▸ Exercise: Here the job is to print all of the entries below verbatim and leave out any picture.

=-=-=-=-=

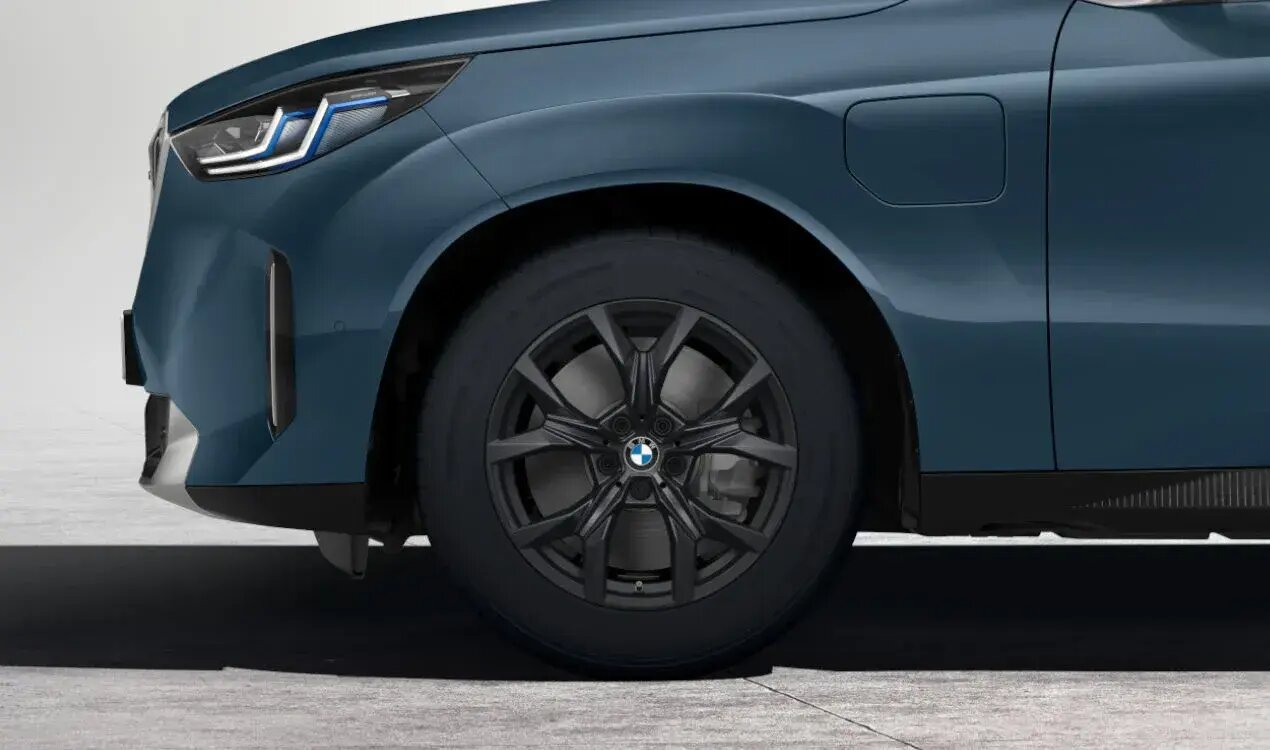 BMW Winterkompletträder 18 Zoll Y-Speiche 921 Frozen Midnight Grey für die Modelle G45 | BMW Wahl-Group Original BMW Winterkomplettradsatz Y-Speiche 921 Frozen Midnight Grey in 18 Zoll mit Yokohama Geolander A/T G015 Bereifung für BMW G45, (Teilenummer 5B4E9B7), angeboten von der BMW Wahl-Group.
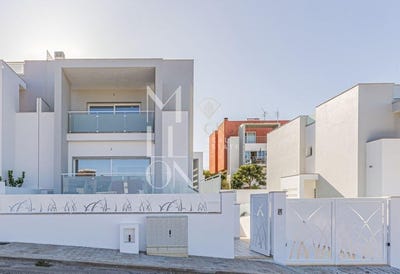 /international/pt/ferragudo-evora-310107358432/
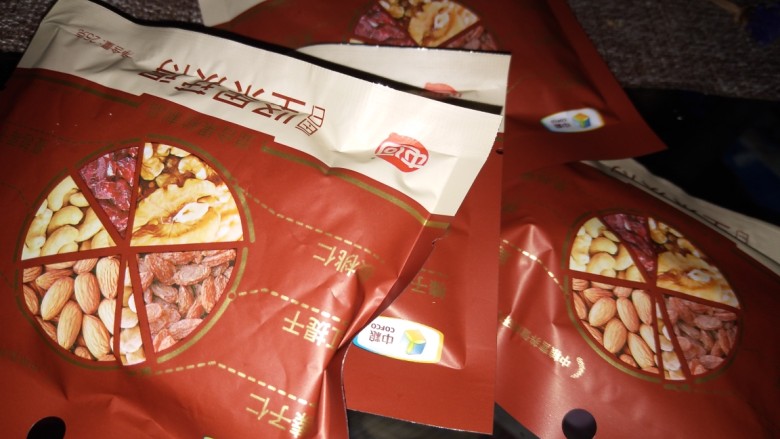 低脂燕麦雪花酥~简易版,最后放入每日坚果(红提,蔓越莓,核桃仁,扁桃仁,腰果)搅拌均匀,关火。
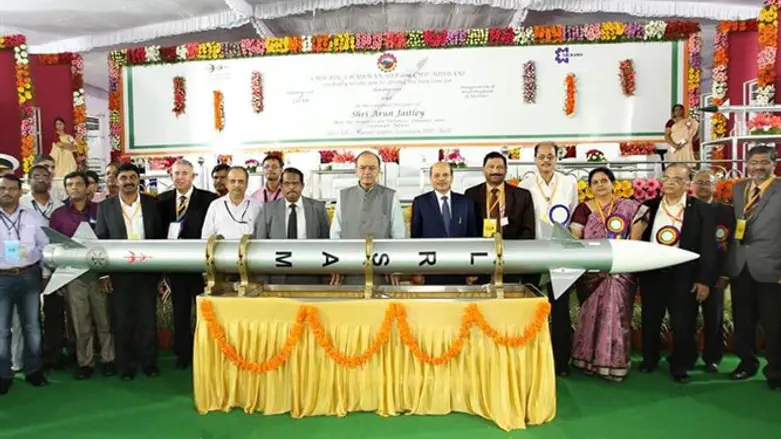 טקס מסירת הטיל לממשל ההודי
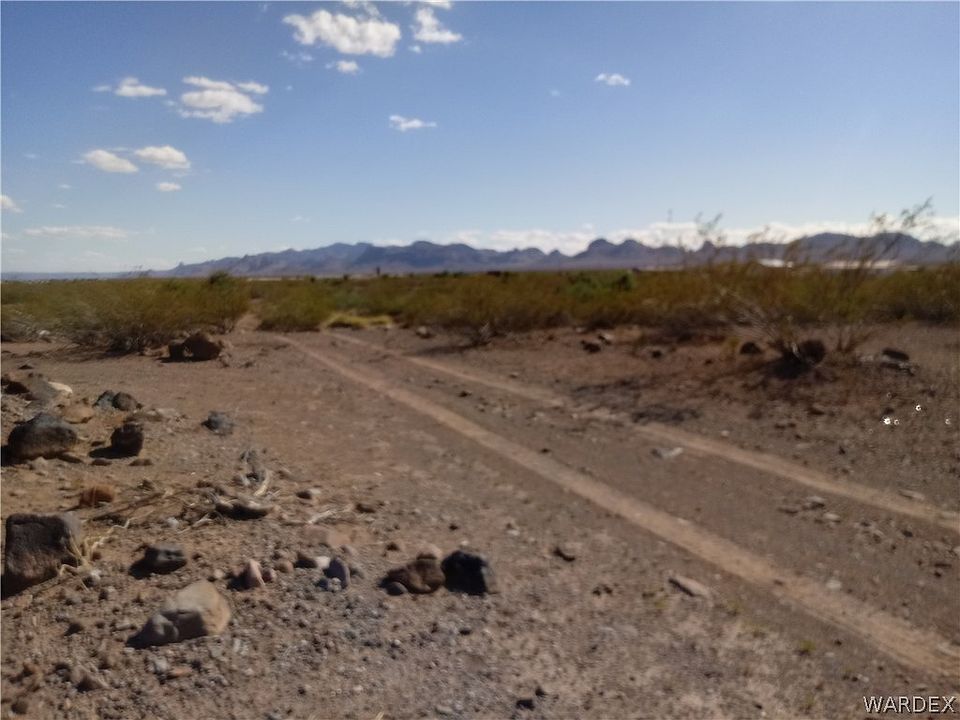 2nd image of - Dugas Rd.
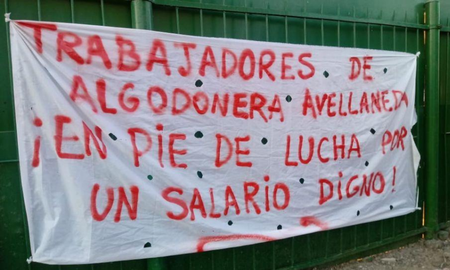 Los trabajadores de la Algodonera Avellaneda no cobran la totalidad de sus sueldos desde hace meses. Los trabajadores de la Algodonera Avellaneda no cobran la totalidad de sus sueldos desde hace meses.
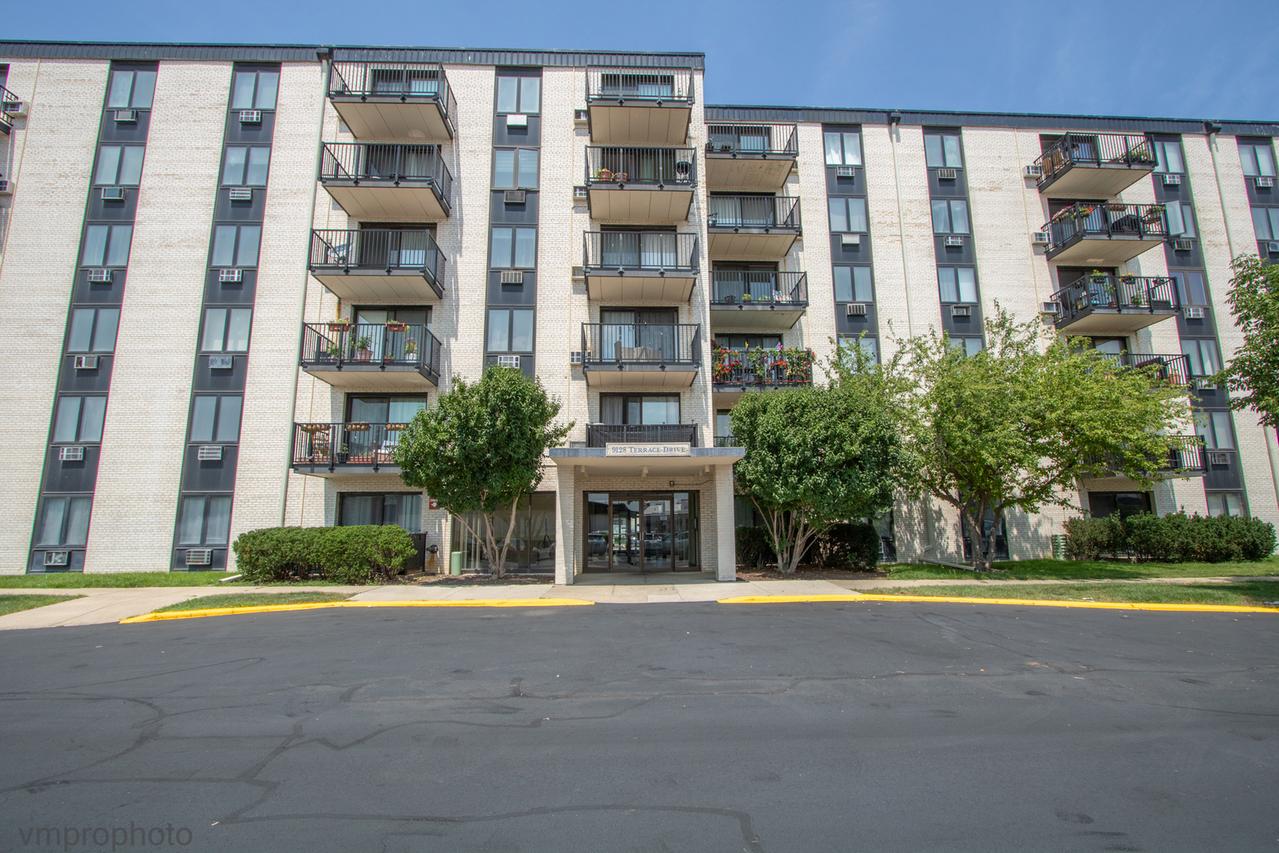 9128 W Terrace Dr. #2N, Niles, IL 60714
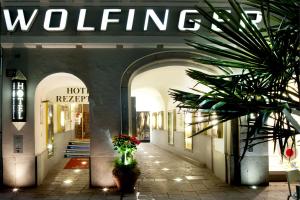 林茨Austria Classic Hotel Wolfinger - Hauptplatz的带有标志的建筑,重新准备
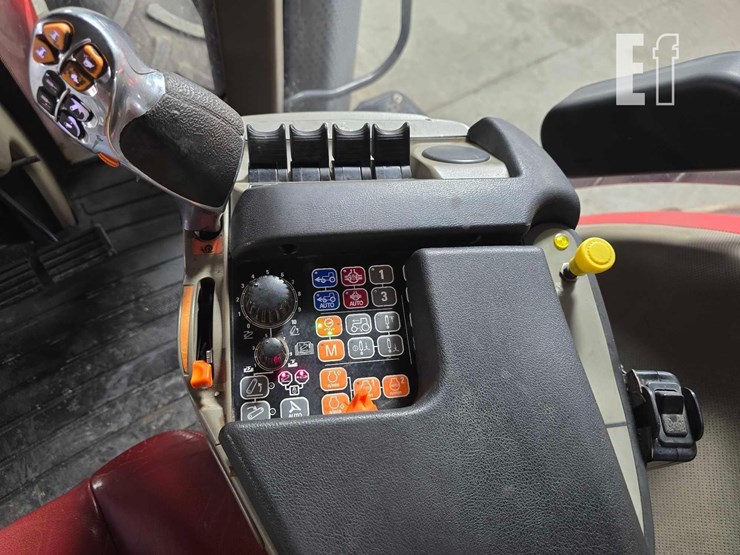 2017-case-ih-magnum-340-image-17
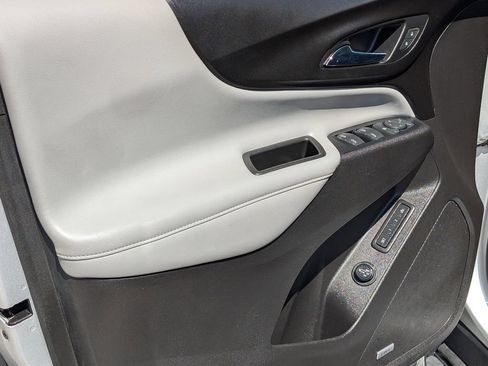 Used 2019 Chevrolet Equinox Premier FWD image 15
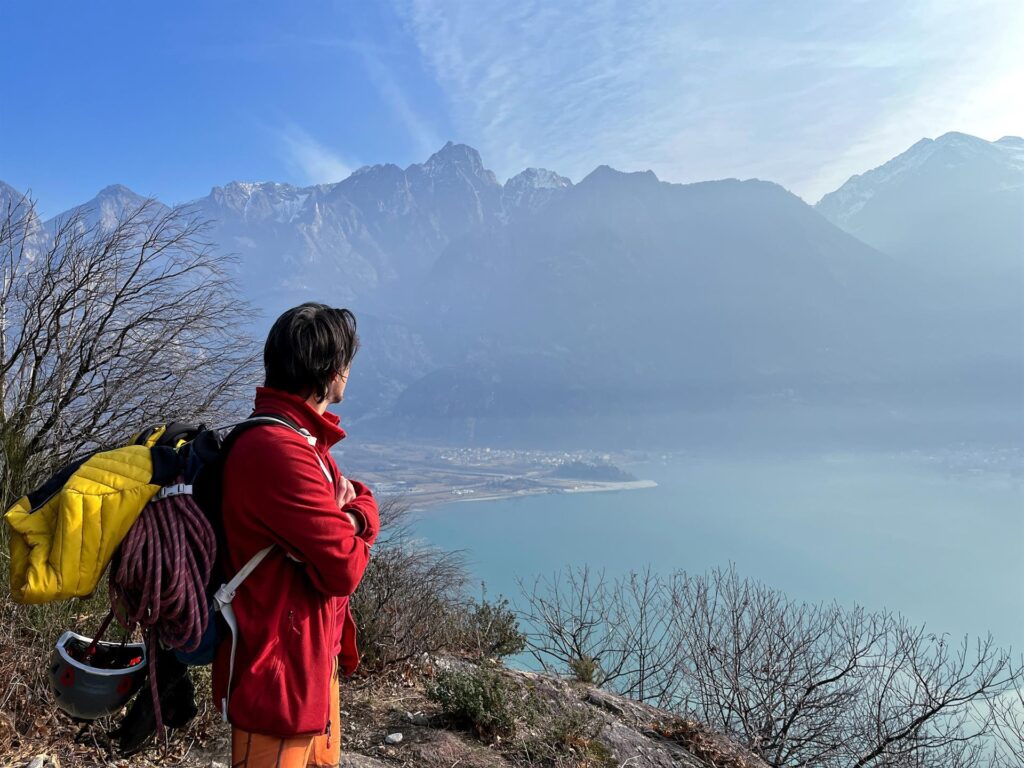 La bella vista del lago di Novate Mezzola e delle montagne lungo il sentiero di avvicinamento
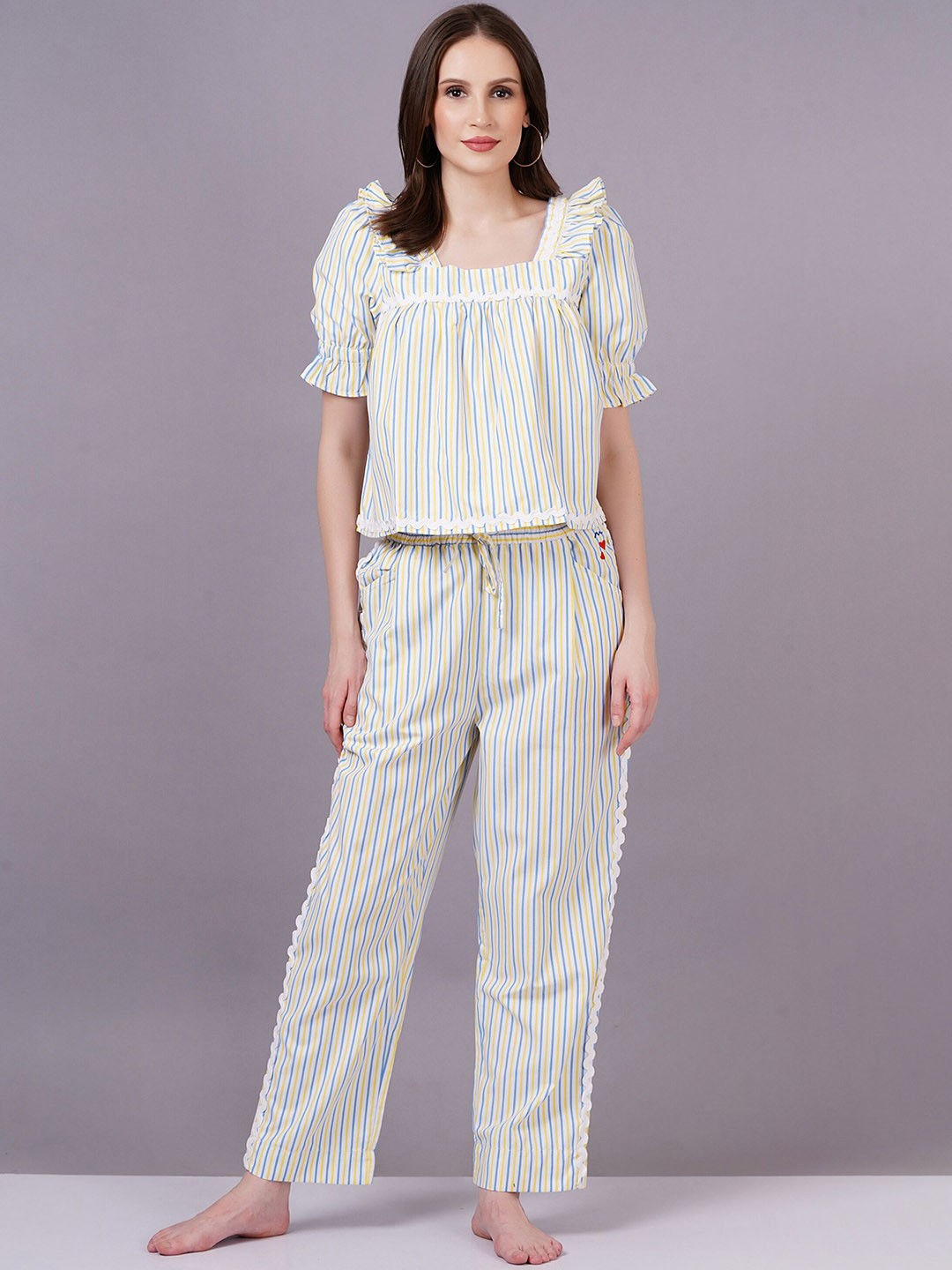 

MINGLAY Striped Square Neck Night Suit, Yellow
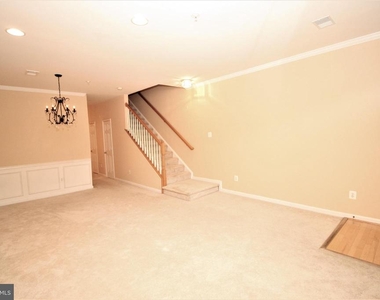 2663 Manhattan Pl - Photo Thumbnail 3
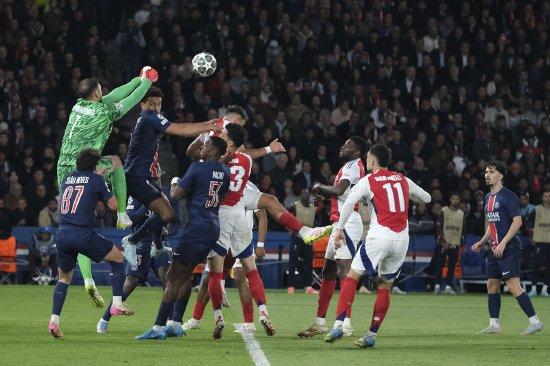 世俱杯前瞻：巴黎圣日耳曼与对手交锋看点的简单介绍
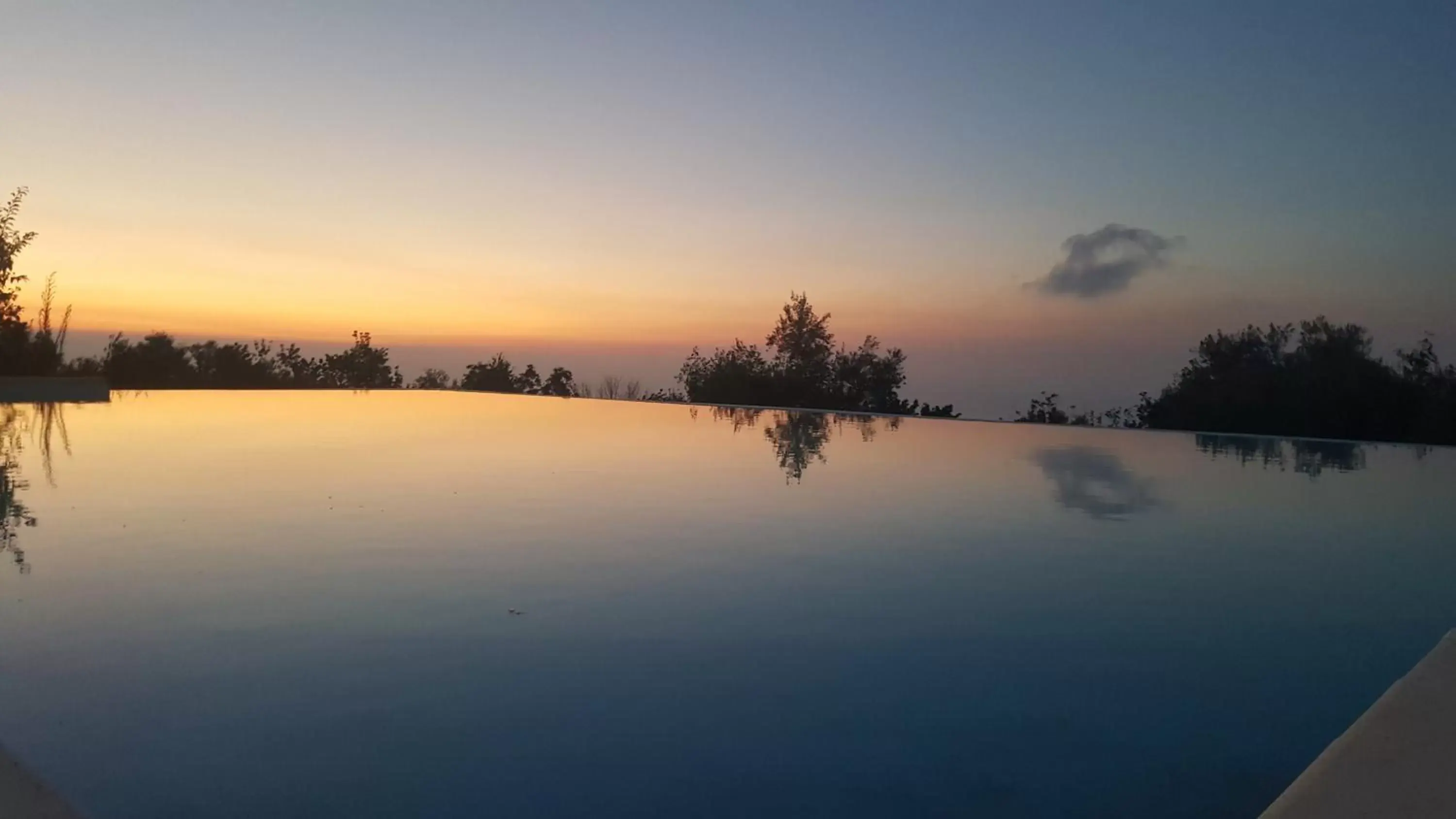 Swimming Pool in Green Park Hotel & Residence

=-=-=-=-=

▸ Your response:
 BMW Winterkompletträder 18 Zoll Y-Speiche 921 Frozen Midnight Grey für die Modelle G45 | BMW Wahl-Group Original BMW Winterkomplettradsatz Y-Speiche 921 Frozen Midnight Grey in 18 Zoll mit Yokohama Geolander A/T G015 Bereifung für BMW G45, (Teilenummer 5B4E9B7), angeboten von der BMW Wahl-Group.
 /international/pt/ferragudo-evora-310107358432/
 低脂燕麦雪花酥~简易版,最后放入每日坚果(红提,蔓越莓,核桃仁,扁桃仁,腰果)搅拌均匀,关火。
 טקס מסירת הטיל לממשל ההודי
 2nd image of - Dugas Rd.
 Los trabajadores de la Algodonera Avellaneda no cobran la totalidad de sus sueldos desde hace meses. Los trabajadores de la Algodonera Avellaneda no cobran la totalidad de sus sueldos desde hace meses.
 9128 W Terrace Dr. #2N, Niles, IL 60714
 林茨Austria Classic Hotel Wolfinger - Hauptplatz的带有标志的建筑,重新准备
 2017-case-ih-magnum-340-image-17
 Used 2019 Chevrolet Equinox Premier FWD image 15
 La bella vista del lago di Novate Mezzola e delle montagne lungo il sentiero di avvicinamento

MINGLAY Striped Square Neck Night Suit, Yellow
 2663 Manhattan Pl - Photo Thumbnail 3
 世俱杯前瞻：巴黎圣日耳曼与对手交锋看点的简单介绍
 Swimming Pool in Green Park Hotel & Residence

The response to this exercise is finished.